Au-delà des aspects techniques évoqués ci-dessus, la participation active du CFO dans une acquisition est une opportunité de progrès managérial important : 

Le CFO se pose la question sur la capacité de financement de l’entreprise acquéreuse et peut pousser certains objectifs pour assurer un pay back plus rapide de l’acquisition. 

Le CFO est le porte-parole des règles financières du groupe qui s’appliqueront à la cible et il devra accompagner le ou les managers de l’entité acquises dans cette compréhension nouvelle. 

Les étapes d’intégration sont souvent une occasion unique d’exposer ses équipes à des projets versus l’exécution de tâches régulières et ainsi détecter des talents ou identifier des pratiques nouvelles. 

Le CFO, en étroite équipe avec son manager opérationnel peut pénétrer encore plus dans l’intimité du business, composante essentielle à l’intelligence du métier de financier.

 

 

Socotec 

Le groupe Socotec est le leader de la gestion des risques et du conseil technique dans la construction, les infrastructures et l’industrie. Présent dans 23 pays, le groupe dispose de 5 bases importantes (France, UK, USA, Allemagne, Italie) et de 9000 collaborateurs, développant un chiffre d’affaires mondial de 837,5 millions d’euros en 2019.

Le groupe s’est engagé dans une profonde transformation depuis 3 ans qui le hisse au niveau des leaders du testing, de l’inspection et de la certification.

2019 aura été une année pivot pour le groupe Socotec avec un changement d’actionnaire minoritaire et l’acquisition de sa nouvelle base aux USA, Vidaris.

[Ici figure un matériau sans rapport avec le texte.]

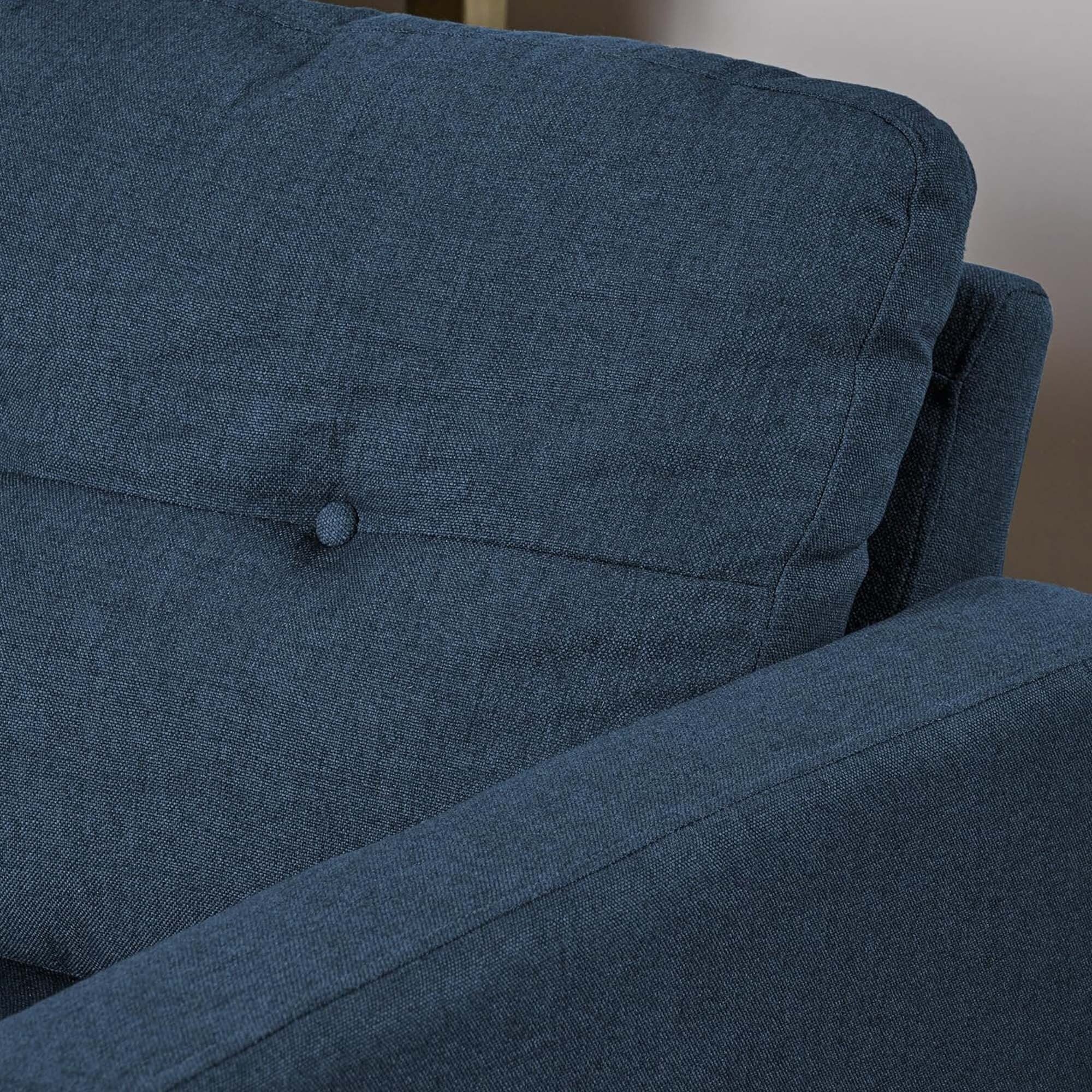 Mid-Century 5-Piece Modular Sectional Sofa with Button-Tufted Cushions for Living Room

Le groupe a procédé à 20 acquisitions en 3 ans (4 en 2017, 7 en 2018, 7 en 2019, 2 en 2020 à date).

Ces acquisitions stratégiques lui permettent d’afficher des positions fortes sur ses métiers :

  • n°1 du contrôle technique construction en France, n°1 de l’inspection dans l’éolien et le photovoltaïque, n°2 du diagnostic amiante en France,
  • un des leaders en Europe dans l’inspection nucléaire, la détection d’explosifs, les mesures et investigations en sites et sols pollués, l’inspection des équipements dans l’industrie,
  • acteur global du monitoring dans la construction et les infrastructures, le contrôle technique construction, les tests et mesures, la certification.

 

Cet article a été publié dans le numéro 382 de Finance&Gestion. (Août 2020) Cet article a également été publié sur Vox-Fi le 1er octobre 2020.